Don't Know What You Got...saving Digital Video Depot
By: Adrian Fallwell

Blaine Dickerson has been in the video rental business for a long time. He managed the Kaliedoscope Video store for 12 years, until the owner retired and closed the store. Blaine purchased a portion of the inventory, and started Digital Video Depot, off of N.W. 63rd and Meridian, which has been in operation for 9 years now. Several things about DVDepot set it apart from all the other independent video stores in OKC and surrounding suburbs. For fans of “cult” films, it used to be a struggle to find such rare gems, and the few stores that had a section for the genre, could only fill a rack or two with what they had. Blaine, being the hardcore movie buff he was, focused on carrying not only the usual cult finds(i.e. Rocky Horror, Eraserhead), but a vast collection of foreign, explotative, out-of-print, unrated, banned videos and DVDs that filled walls, not just racks. Buying the out-of-print videos from Kaliedoscope, he invested in several genres going out of print, such as Disney classics and older films with big stars like Carey Grant. He bought controversial movies that had been legally banned at some point, such as Cannibal Holocaust or The Tin Drum, and unrated or NC-17 movies that no corporate video store would touch with a ten-foot pole. Along with all the other usual titles and new releases, Blaine built up his collection.

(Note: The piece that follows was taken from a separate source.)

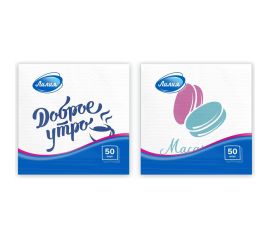 Салфетки бумажные 24x24 с рисунком Доброе утро 1слой 50листов Лилия 988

Fast-forward to today. With vending machines at every McDonalds and Wal-Mart, Redbox is the largest DVD renter, killing even giants like Hollywood Video, with Blockbuster just barely holding on. Of course, all video rental locations are suffering from the increase in online viewing and renting too. The movie studio companies themselves push for direct viewing, taking in more money by cutting out the middle-man. A look around the metro will show you that the only independently-owned movie renters left are in the suburbs and towns around OKC, if they survived the influx of corporate chains that set shop in the town just long enough to kill the competition before they closed down due to low profits. ...and Blaine, with one of the few metro stores existing, is hanging from the cliff by his little pinky. Should this be? It’s the nature of the game, the evolution of technologies? Perhaps, but what do we stand to lose?

A very basic “cult” classic, John Woo’s The Killer made famous in the U.S. by Quentin Tarantino, is now out of print. You can’t get it from Netflix, and you most likely won’t find it in any corporate store. It was stolen, discount sold, or horded by a collector long ago. But you can rent it at DVDepot, and that’s just one example. What about The Little Mermaid? Wouldn’t you like to share one of your favorite childhood movies with your child? Disney has a cycle of taking it’s older titles out of print, and then re-releasing them several years later, if at all. In the meantime, you can’t find these titles in corporate chains, but you can at DVDepot. What if you just saw I Am Legend, and you heard that there were several movies preveasly released based on the same book and you wanted to see them? What are the chances that the clerk at the corporate store knows the answer to that question, or that they would have Last Man on Earth with Vincent Price or The Omega Man with Charlton Heston? But you would see all of this setup on display as soon as you entered DVDepot, because Blaine is in the business for the love of movies, not just to make a buck...although, without that buck there is no store at all, which brings us back to the point.

If you take interest in movies beyond what a machine can spit out at you, or if you would like to be able to talk and ask questions of someone who is knowledgable of multiple genres and eras of filmmaking, then it’s up to all of us to take the initiative and rent from our local video stores (especially the “cult” ones) to keep them in business. The world may be changing, but how often we learn the lesson of loss too late.